Otros centros han optado por impartir ciclos exclusivos en toda la zona que mantienen una demanda media pero un elevado porcentaje de inserción laboral. En Carril, imparten una formación superior en actividades físico-deportivas que pese a haber bajado la matrícula, se mantiene con algo más de 15 alumnos cada año. «Son poucos persoas pero ao rematar o 100% ten empleo», señaló su director, Augusto Guedes. Lo mismo sucede con enfermería, en el Castro Alobre, que mantiene una inserción laboral del 80%.

Especificidad

Una situación similar sucede en el Ramón Cabanillas de Cambados, donde cada año salen cerca de una veintena de jóvenes con el título de técnico medio en Elaboración de Vinos y otras bebidas. Su director, Javier Álvarez, no teme que su curso pueda desaparecer con el nuevo mapa formativo, pero lo considera imprescindible para recomponer el esquema de la comarca y evitar que el alumnado esté tan disperso.

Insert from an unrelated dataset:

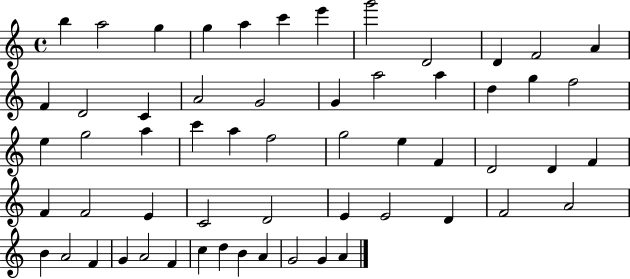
B5/q A5/h G5/q G5/q A5/q C6/q E6/q G6/h D4/h D4/q F4/h A4/q F4/q D4/h C4/q A4/h G4/h G4/q A5/h A5/q D5/q G5/q F5/h E5/q G5/h A5/q C6/q A5/q F5/h G5/h E5/q F4/q D4/h D4/q F4/q F4/q F4/h E4/q C4/h D4/h E4/q E4/h D4/q F4/h A4/h B4/q A4/h F4/q G4/q A4/h F4/q C5/q D5/q B4/q A4/q G4/h G4/q A4/q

Muy diferente es el panorama del instituto de Vilanova, donde una docena de alumnos escogen el ciclo superior en Química Ambiental. Lo que a simple vista parece un filón de cara al futuro, su director Ramón Estévez, asegura que la realidad es muy diferente. Cada curso consiguen colocar a la mitad de los alumnos, el resto asegura que consiguen trabajo por otros módulos en los que se han preparado. Y es que a pesar de que la normativa europea obliga a las empresas a tener un técnico de estas características «en Galicia ainda hai moitas fábricas grandes que non o cumplen», indicó.

Aunque la mayoría de los centros ya sobrepasaron el cupo mínimo de alumnos -situado en seis personas por clase- todavía no se puede hacer un pronóstico de los jóvenes que este año coparán los centros de formación profesional hasta que finalice la selectividad.

Pese a la demanda existente, varios ciclos han tenido que cerrar sus puertas por falta de almunado en módulos como el de comercio en el Monte da Vila de O Grove. Otros, con sólo dos alumnos hasta ahora, están pendientes de las próximas matrículas para evitar su cierre.